CREATE TABLE IF NOT EXISTS public.vuxml_import
(
    vid text COLLATE pg_catalog."default" NOT NULL,
    checksum text COLLATE pg_catalog."default" NOT NULL,
    CONSTRAINT vuxml_import_vid PRIMARY KEY (vid)
)

TABLESPACE pg_default;

ALTER TABLE IF EXISTS public.vuxml_import
    OWNER to postgres;

REVOKE ALL ON TABLE public.vuxml_import FROM commits;
REVOKE ALL ON TABLE public.vuxml_import FROM rsyncer;

GRANT INSERT, DELETE, SELECT, UPDATE ON TABLE public.vuxml_import TO commits;

GRANT ALL ON TABLE public.vuxml_import TO postgres;

GRANT SELECT ON TABLE public.vuxml_import TO rsyncer;

-- DROP INDEX IF EXISTS public.vuxml_import_vid;

CREATE INDEX IF NOT EXISTS vuxml_import_vid
    ON public.vuxml_import USING btree
    (vid COLLATE pg_catalog."default" ASC NULLS LAST)
    TABLESPACE pg_default;


grant truncate on vuxml_import to commits;

-- delete the deleted vids.

CREATE OR REPLACE FUNCTION DeleteMissingVuxml() returns void AS $$

-- if it's not in vuxml_import, remove it from vuxml

WITH deleted_vids AS (
SELECT V.vid, V.checksum
  FROM vuxml V
LEFT OUTER JOIN vuxml_import vi
ON V.vid = vi.vid
WHERE vi.vid IS NULL
)
DELETE from vuxml V
USING deleted_vids as DV
WHERE V.vid = DV.vid;

$$ LANGUAGE SQL VOLATILE;

CREATE OR REPLACE FUNCTION GetListOfVulnsForUpdate() returns SETOF text AS $$

-- return a list of vid for updating

SELECT vi.vid
  FROM vuxml_import vi
LEFT OUTER JOIN vuxml
ON vuxml.vid = vi.vid
WHERE vuxml.checksum <> vi.checksum
union
SELECT vi.vid
  FROM vuxml_import vi
LEFT OUTER JOIN vuxml
ON vuxml.vid = vi.vid
WHERE vuxml.vid IS NULL;

$$ LANGUAGE SQL STABLE;

What’s next?

Start using this code on my host. That could just be a cp over the existing file.

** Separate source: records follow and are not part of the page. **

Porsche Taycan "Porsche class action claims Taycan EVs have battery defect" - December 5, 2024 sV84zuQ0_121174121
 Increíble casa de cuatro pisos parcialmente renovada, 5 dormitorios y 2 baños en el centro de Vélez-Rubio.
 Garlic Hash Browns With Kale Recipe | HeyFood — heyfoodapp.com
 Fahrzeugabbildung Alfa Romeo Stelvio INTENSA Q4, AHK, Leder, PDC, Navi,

Not today. Today we’re going to a wedding. Perhaps tomorrow.

The downside

If we do an import, and the import fails to populate vuxml_import with an accurate list of vulns, we can wind up deleting all vulns from the system. That is because the “delete missing vulns” process removes any vulns not found in vuxml_import. It is easy to reload the data, yet it is time consuming – hours, not minutes, to do that.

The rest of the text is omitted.